* TASK PROMPT
Please copy only the material from the line that has "Hoogmadeseweg 41 G Leiderdorp thumbnail 6" to the very last line, both ends included, exactly as written and without pictures.

*** Opening COLLECTED DATA ***

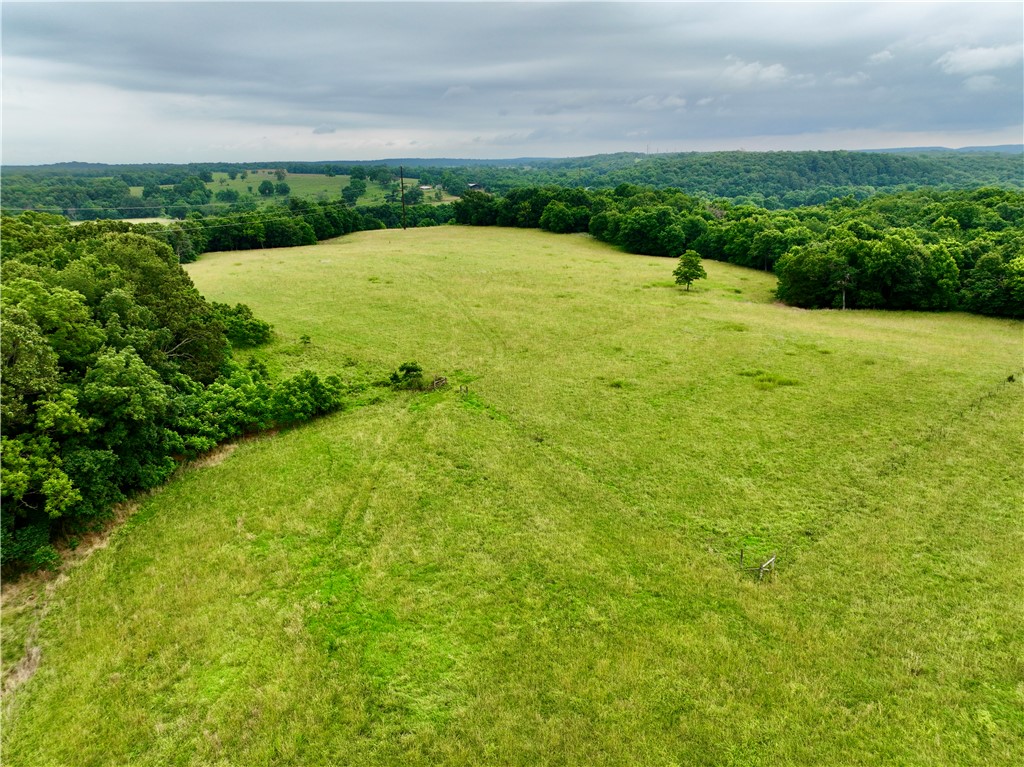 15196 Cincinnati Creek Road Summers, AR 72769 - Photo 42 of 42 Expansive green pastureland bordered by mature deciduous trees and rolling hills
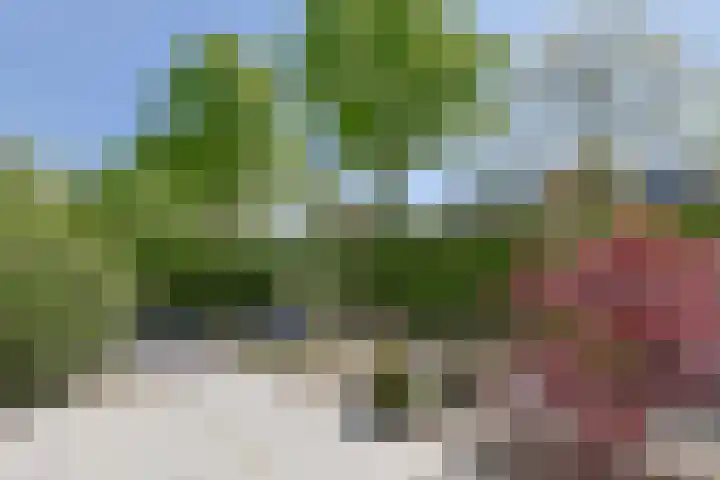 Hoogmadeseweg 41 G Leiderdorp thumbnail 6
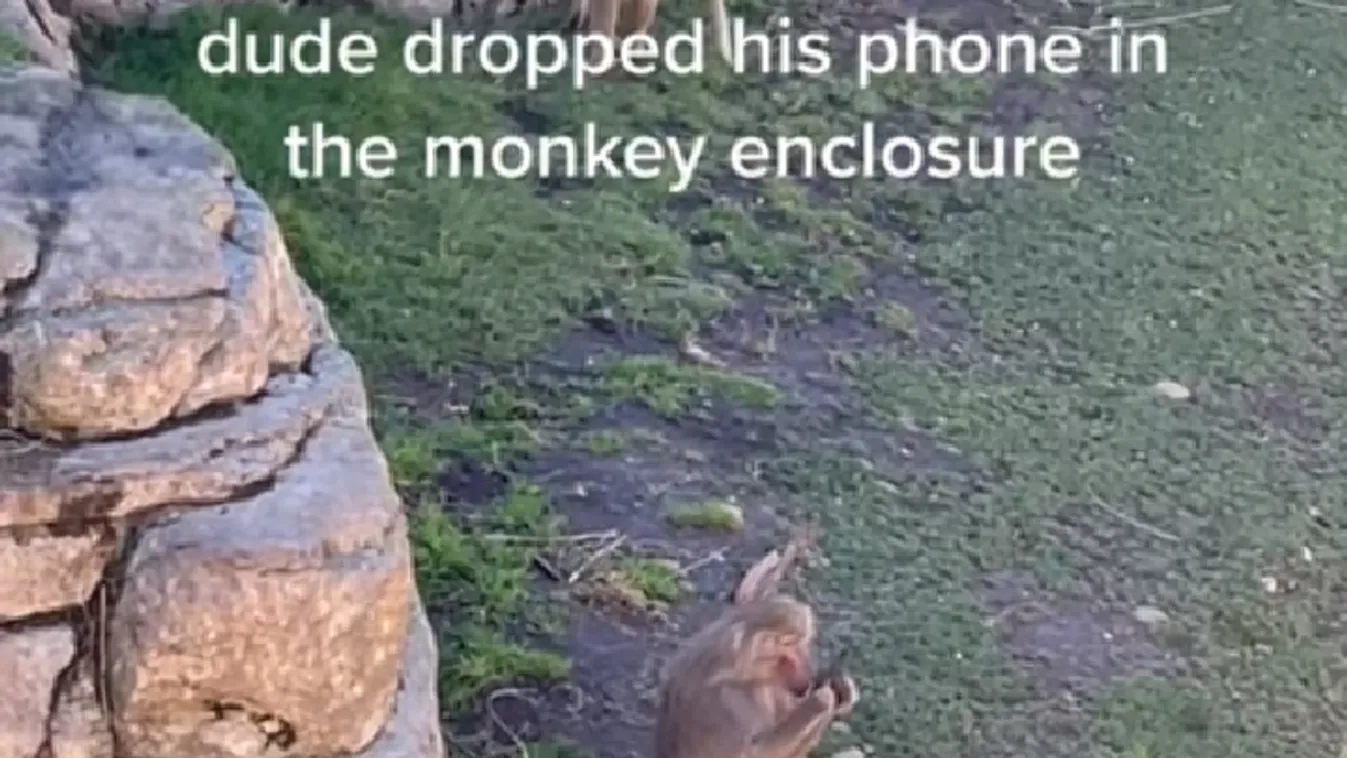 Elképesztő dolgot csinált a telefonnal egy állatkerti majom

*** Closing COLLECTED DATA ***

* SOLUTION TO THIS EXERCISE
 Hoogmadeseweg 41 G Leiderdorp thumbnail 6
 Elképesztő dolgot csinált a telefonnal egy állatkerti majom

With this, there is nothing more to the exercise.